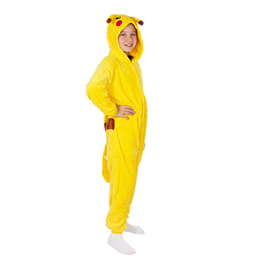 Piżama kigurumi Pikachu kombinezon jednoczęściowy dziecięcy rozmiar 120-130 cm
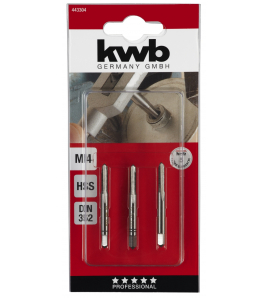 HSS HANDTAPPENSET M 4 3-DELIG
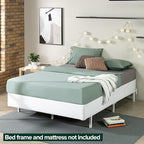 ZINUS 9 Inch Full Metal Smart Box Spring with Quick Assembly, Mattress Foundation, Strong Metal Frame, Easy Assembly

____

__THE TASK__
Reproduce the material word for word. Skip every picture it holds.

__SOLUTION__
 Piżama kigurumi Pikachu kombinezon jednoczęściowy dziecięcy rozmiar 120-130 cm
 HSS HANDTAPPENSET M 4 3-DELIG
 ZINUS 9 Inch Full Metal Smart Box Spring with Quick Assembly, Mattress Foundation, Strong Metal Frame, Easy Assembly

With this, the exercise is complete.